Private investigators, veteran tax preparation businesses and federal agencies say the fraudulent businesses are shorting tax filers of refunds and keeping most of it themselves or erroneously claiming dependents on clients’ tax returns to get larger refunds.
“People are being hoodwinked,” said Dale Gustafson, a private investigator in Simi Valley who resolved three cases this year for clients. “It’s something people need to be aware of.”
About 60 percent of taxpayers will use tax professionals to prepare their returns this year, according to the Internal Revenue Service.
Investigations by the IRS of fraudulent tax preparers increased annually between 2010 and 2012, as did the number of those convicted and most other related actions, according to the agency. The incarceration rate however, has dropped.
The IRS ranked tax preparer fraud third this year in its list of the top 12 tax scams.
Gustafson has his own investigation business but also trains investigators and often handles cases for the local Better Business Bureau. The cases he probed this season involved tax preparers in Simi Valley and Oxnard, he said. They shortchanged one client $2,200 and two clients about $1,200 each, he said.
Gustafson explained that tax preparers orchestrate the fraud by getting clients to sign fake and incomplete tax returns.
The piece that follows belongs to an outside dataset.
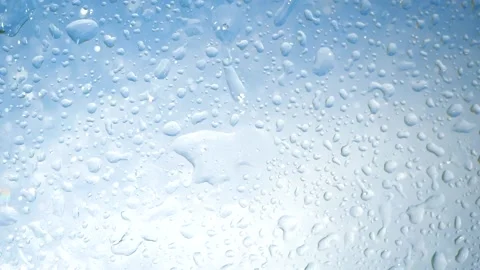 Aqua purity liquid in sun rays falls from blue sky. Beautiful stains, water Stock Footage 133636764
The preparers tell clients they will get a refund of a few hundred dollars, and they can get the money immediately if they pay a small percentage for the service.
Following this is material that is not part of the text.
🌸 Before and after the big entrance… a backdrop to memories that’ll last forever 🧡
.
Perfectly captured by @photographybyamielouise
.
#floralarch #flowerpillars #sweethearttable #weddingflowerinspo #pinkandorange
However, the real refund amounts are usually a lot more, such as $2,000 or $3,000, Gustafson said, because the clients are minimum wage earners in the lower tax bracket and get most of their initial taxes refunded.
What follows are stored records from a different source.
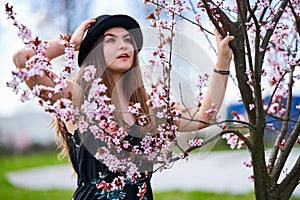 Young woman with cherry trees in bloom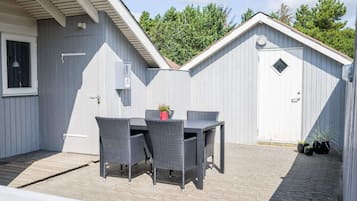 A covered patio area with a table and chairs, a small garden, and a shed in the background.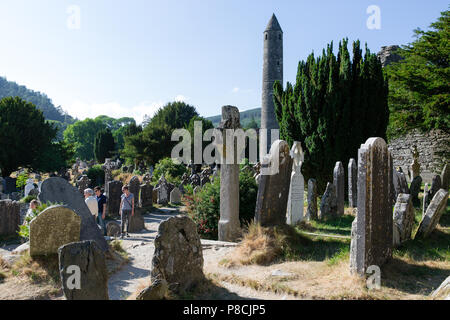 Glendalough, Wicklow, Irland. 10. Juli 2018: Touristen, die in der Glendalough Tal mit seinen berühmten Kloster an einem sonnigen Dienstag Nachmittag. Stockfoto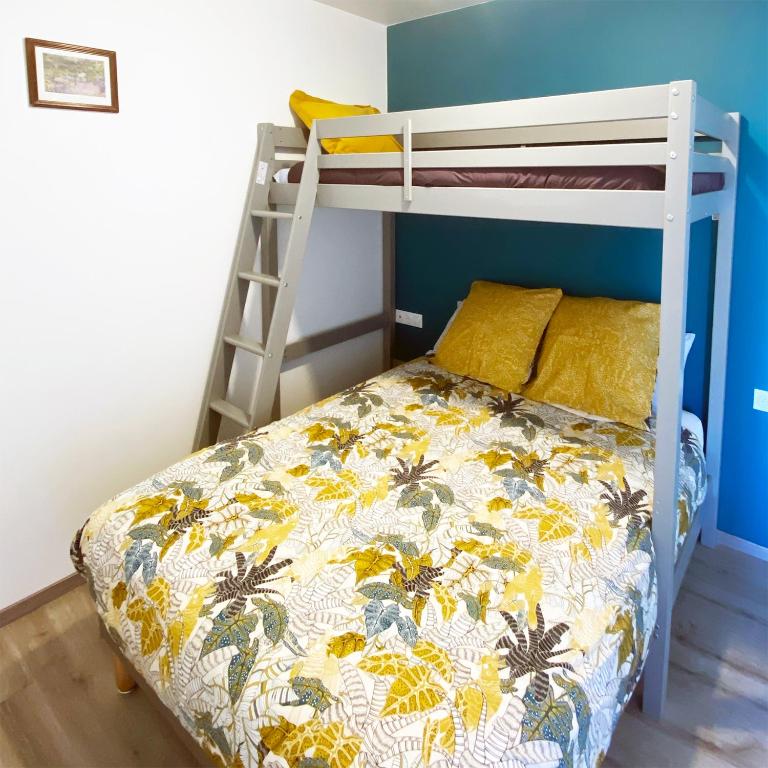 Postel nebo postele na pokoji v ubytování Auberge des Plaines - Appart'hôtel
The preparers send the real return to the IRS and receive the full refund, which they keep, Gustafson said, because the preparers have also gotten clients to sign papers allowing the refund to go to the preparer. Veteran tax preparers advise against doing that and against signing incomplete tax returns.
Last year, Gustafson said he had 10 to 12 cases involving fraudulent tax preparers. The unethical businesses typically open and close around tax season, advertise in Spanish-language circulars and lower-cost publications and seem to prey mostly on Latinos and those earning low incomes. The clients don’t realize they’ve been defrauded because they are happy to have gotten money back quickly and don’t estimate their refunds, he said.
Gustafson was able to get one client his money back after the business said it made a mistake. For the other clients, the refund payment to the preparer was stopped, he said.
“If you can catch it fast enough, you can usually solve the problem,” Gustafson said. “These people don’t want the light shed on it.”
In the last six months, the Department of Justice’s Tax Division obtained permanent injunctions against more than 30 preparers and promoters.
Rosemarie Cruz, who manages two H&R Block businesses in Oxnard, says she has seen a lot of new clients who have previously dealt with questionable tax preparers.
The tax preparers have filed tax returns for Latino clients that claim their dependent children live in the United States to receive a $1,000 tax credit when the children live in Mexico and don’t qualify for the credit.
The companies benefit by getting more business as clients tell their friends they will get $1,000 per child if they use them, but the tax returns are fraudulent, Cruz said.
“There’s a fifty-fifty chance the IRS will catch it,” she said. “Sometimes, the questions come a year or two later,” and then the IRS may send them a bill to repay the fraudulent refunds.